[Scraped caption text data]
━━━━━━━━

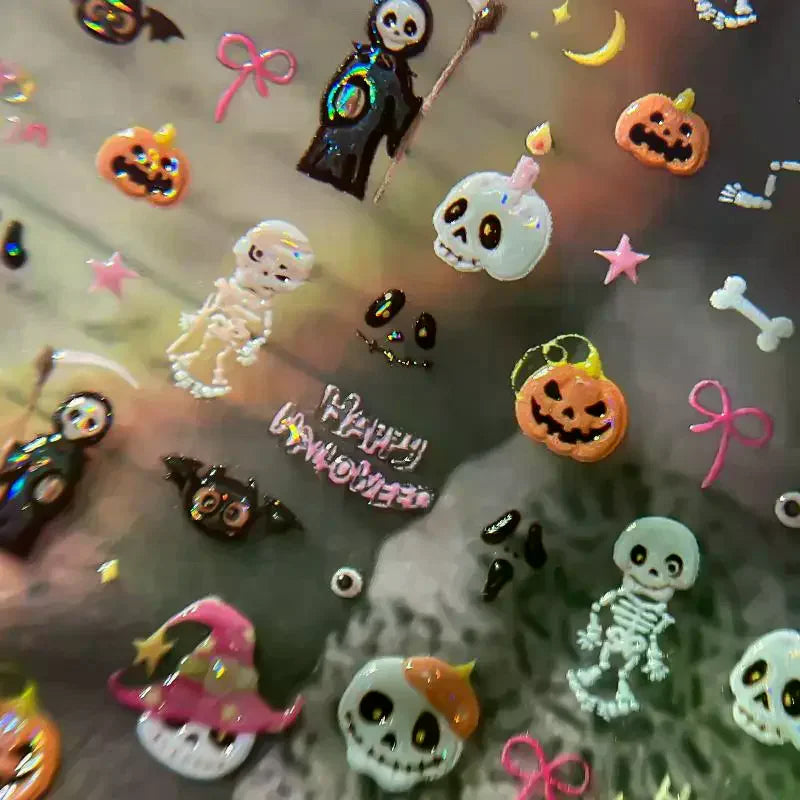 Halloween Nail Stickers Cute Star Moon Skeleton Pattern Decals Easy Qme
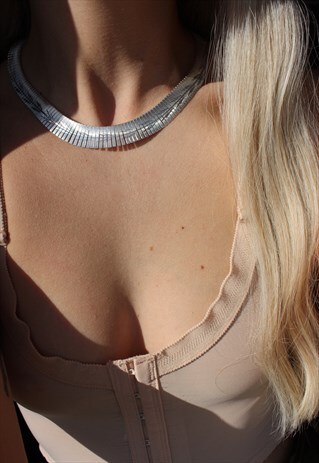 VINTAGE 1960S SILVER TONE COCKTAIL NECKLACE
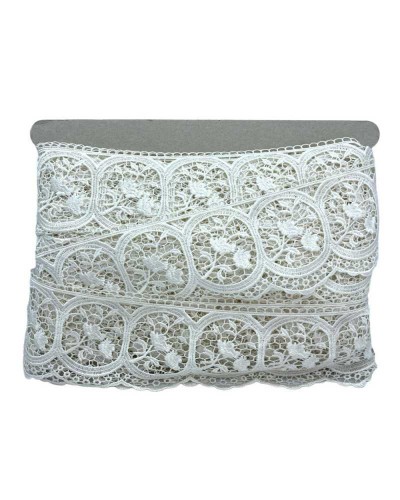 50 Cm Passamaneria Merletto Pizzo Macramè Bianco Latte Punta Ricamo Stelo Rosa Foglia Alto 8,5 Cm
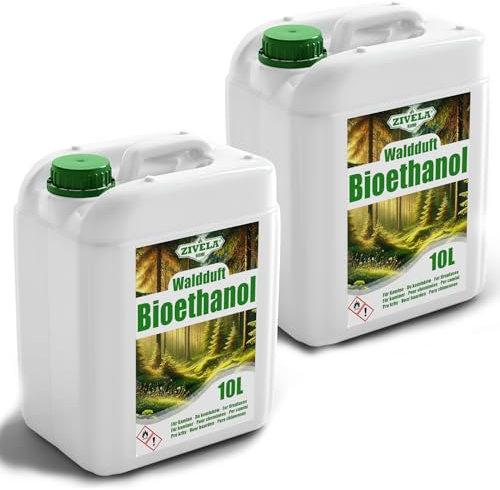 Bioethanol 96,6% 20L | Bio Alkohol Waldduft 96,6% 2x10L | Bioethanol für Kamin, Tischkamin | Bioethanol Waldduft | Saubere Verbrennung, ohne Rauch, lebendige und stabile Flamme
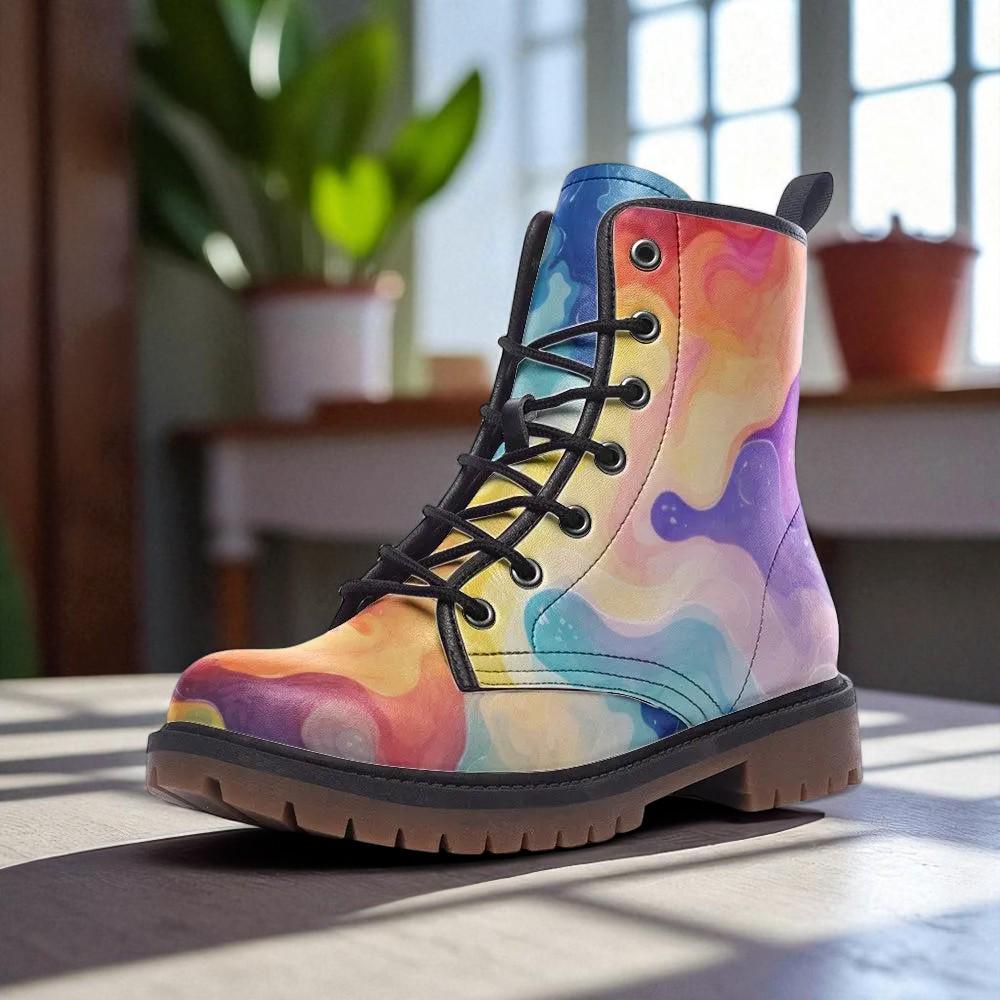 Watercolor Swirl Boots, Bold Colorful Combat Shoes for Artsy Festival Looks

━━━━━━━━

## Your objective
Only the pictures may be dropped; print every record exactly as given.

## Response box
 Halloween Nail Stickers Cute Star Moon Skeleton Pattern Decals Easy Qme
 VINTAGE 1960S SILVER TONE COCKTAIL NECKLACE
 50 Cm Passamaneria Merletto Pizzo Macramè Bianco Latte Punta Ricamo Stelo Rosa Foglia Alto 8,5 Cm
 Bioethanol 96,6% 20L | Bio Alkohol Waldduft 96,6% 2x10L | Bioethanol für Kamin, Tischkamin | Bioethanol Waldduft | Saubere Verbrennung, ohne Rauch, lebendige und stabile Flamme
 Watercolor Swirl Boots, Bold Colorful Combat Shoes for Artsy Festival Looks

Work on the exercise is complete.